Data for analysis Start Marker
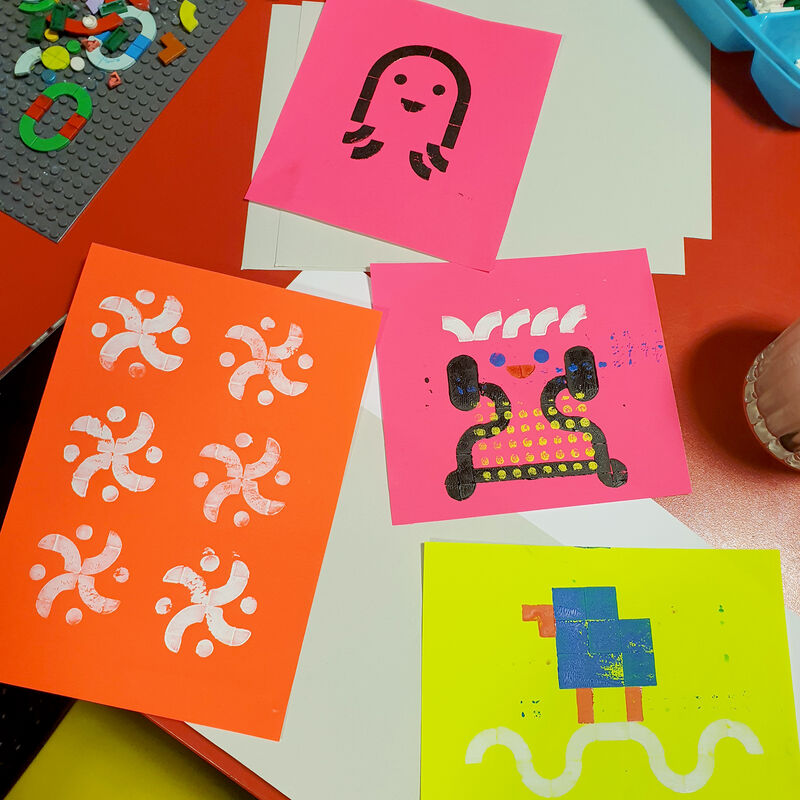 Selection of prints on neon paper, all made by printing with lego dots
Data for analysis End Marker
Data for analysis Start Marker
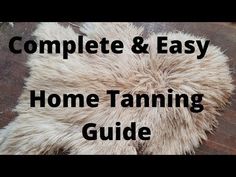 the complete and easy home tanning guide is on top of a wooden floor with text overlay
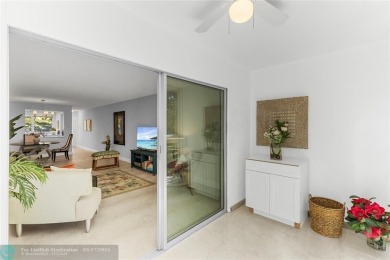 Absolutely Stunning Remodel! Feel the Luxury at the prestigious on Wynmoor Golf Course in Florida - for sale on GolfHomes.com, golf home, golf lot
Data for analysis End Marker
Data for analysis Start Marker
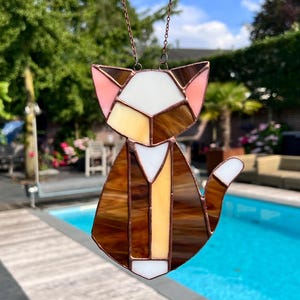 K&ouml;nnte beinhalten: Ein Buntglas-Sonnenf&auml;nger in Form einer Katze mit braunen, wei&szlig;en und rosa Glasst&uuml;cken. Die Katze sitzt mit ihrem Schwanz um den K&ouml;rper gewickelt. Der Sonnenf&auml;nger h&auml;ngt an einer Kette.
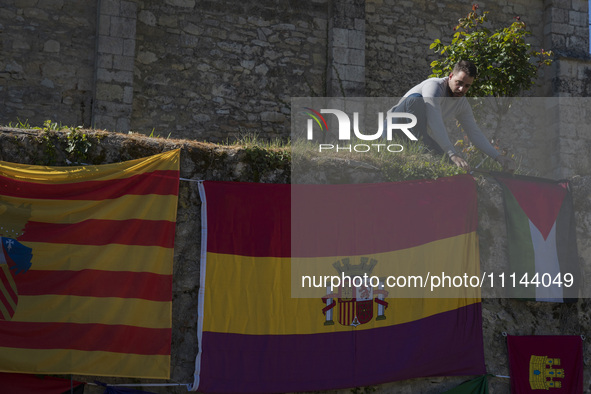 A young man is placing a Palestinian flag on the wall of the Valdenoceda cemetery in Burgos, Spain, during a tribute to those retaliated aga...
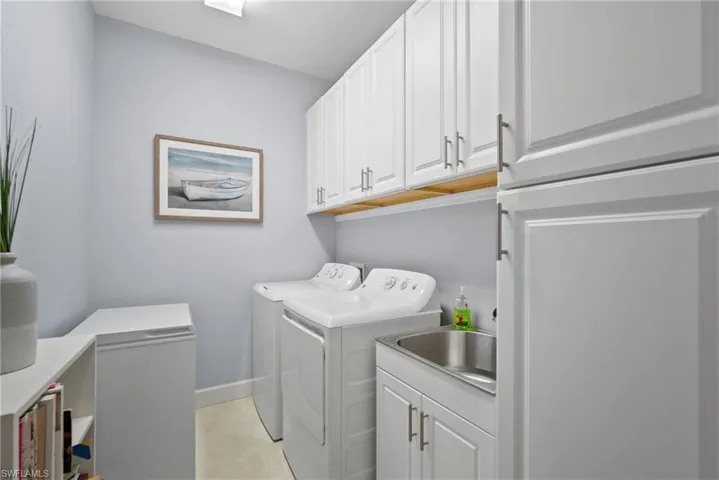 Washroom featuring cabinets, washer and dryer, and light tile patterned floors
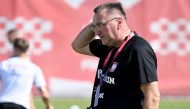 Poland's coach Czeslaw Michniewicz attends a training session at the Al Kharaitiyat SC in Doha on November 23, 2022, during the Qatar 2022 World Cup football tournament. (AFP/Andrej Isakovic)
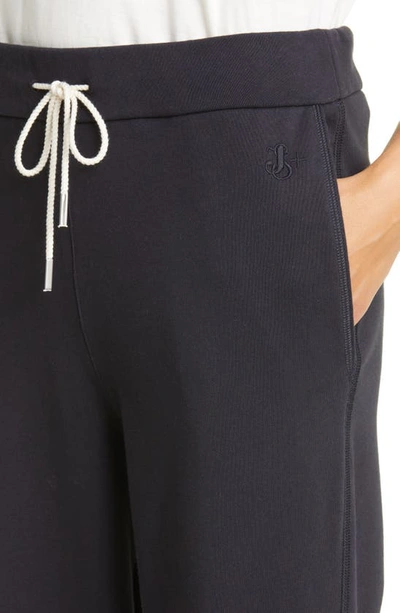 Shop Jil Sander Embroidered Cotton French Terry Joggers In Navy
Data for analysis End Marker
Problem statement:
Now transcribe the lines above exactly, starting at the line containing "Poland's coach Czeslaw" and ending at the line containing "Shop Jil Sander", both lines included, pictures excluded.

Reply:
 Poland's coach Czeslaw Michniewicz attends a training session at the Al Kharaitiyat SC in Doha on November 23, 2022, during the Qatar 2022 World Cup football tournament. (AFP/Andrej Isakovic)
 Shop Jil Sander Embroidered Cotton French Terry Joggers In Navy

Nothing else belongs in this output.